# REQUIREMENT:
Copy each entry verbatim, excluding its images.

____________________

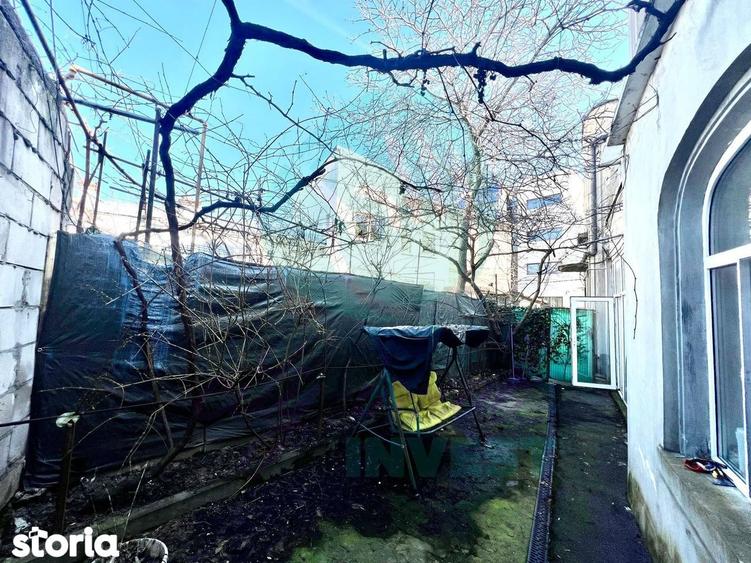 Apartament cu 2 camere decomandat, mobilat în Nerva Traian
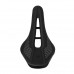 Cедло для велосипеда West Biking YP0801101 отверстие Black Cедло для велосипеда West Biking YP0801101 отверстие Black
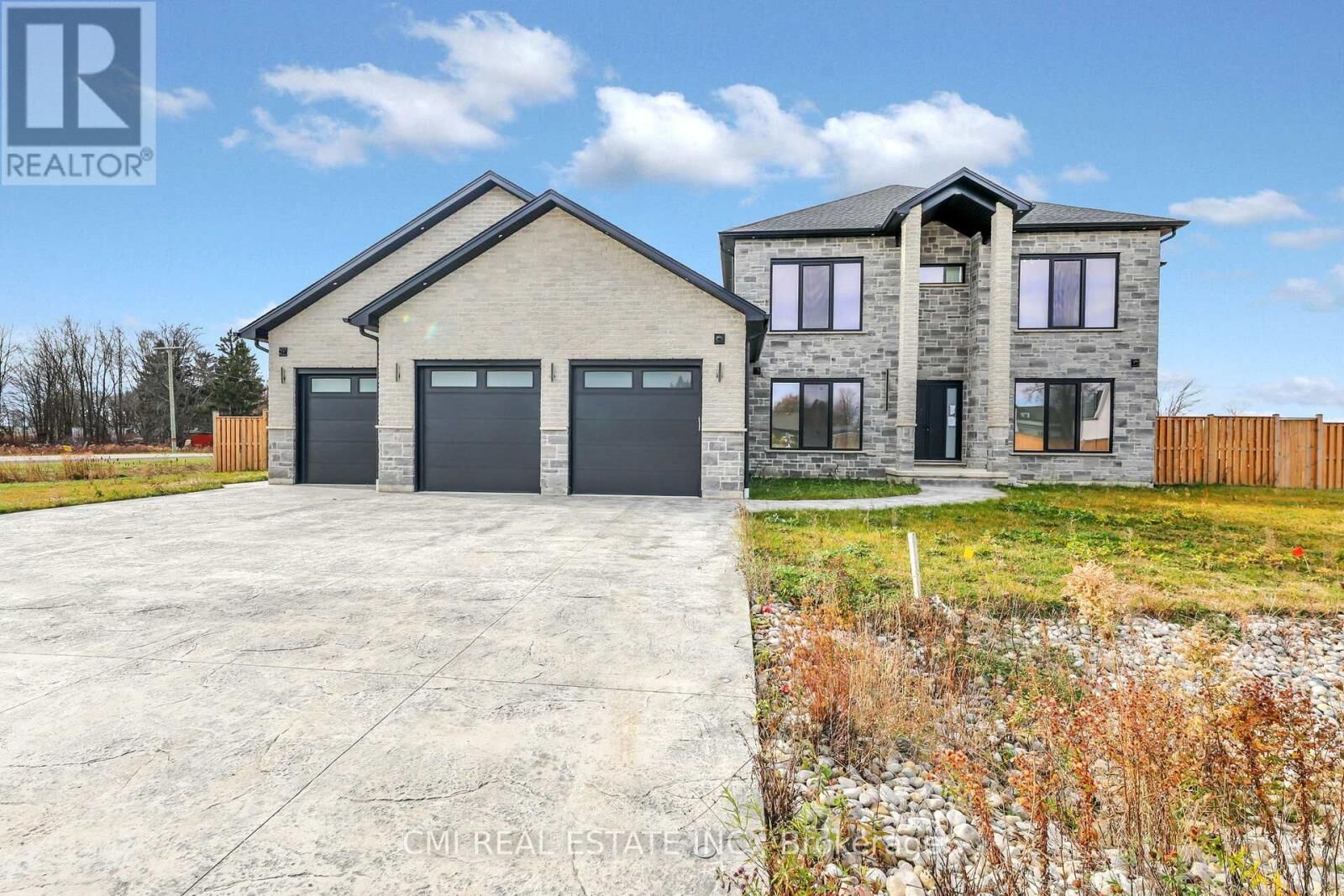 Property Photo:  1 James Street  ON N0L 1T0 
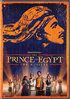 Prince Of Egypt: The Musical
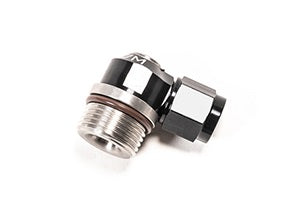 Racor Banjo Giratorio 10AN ORB a 6AN Hembra Radium Engineering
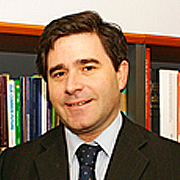 Ricardo Irarrázabal, Voces Católicas, Derecho UC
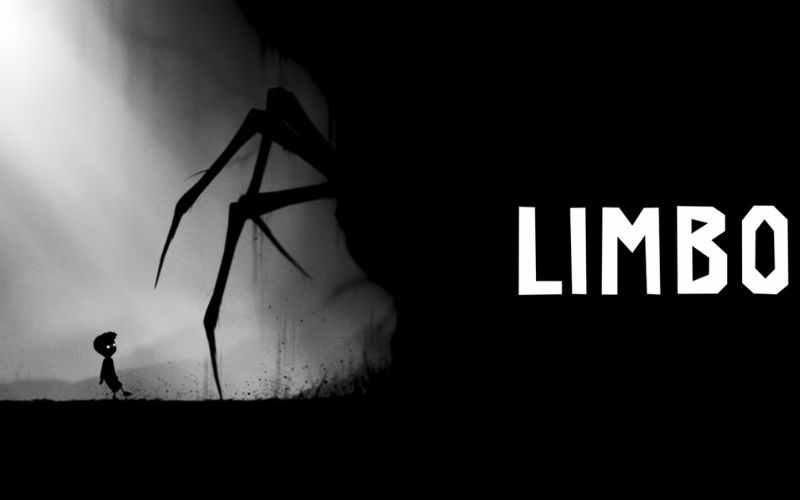 Limbo | Khám Phá Khu Rừng Địa Ngục - Nỗi Sợ Không Hồi Kết 2 Cốt truyện của tựa game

____________________

# SOLVED EXERCISE:
 Apartament cu 2 camere decomandat, mobilat în Nerva Traian
 Cедло для велосипеда West Biking YP0801101 отверстие Black Cедло для велосипеда West Biking YP0801101 отверстие Black
 Property Photo:  1 James Street  ON N0L 1T0 
 Prince Of Egypt: The Musical
 Racor Banjo Giratorio 10AN ORB a 6AN Hembra Radium Engineering
 Ricardo Irarrázabal, Voces Católicas, Derecho UC
 Limbo | Khám Phá Khu Rừng Địa Ngục - Nỗi Sợ Không Hồi Kết 2 Cốt truyện của tựa game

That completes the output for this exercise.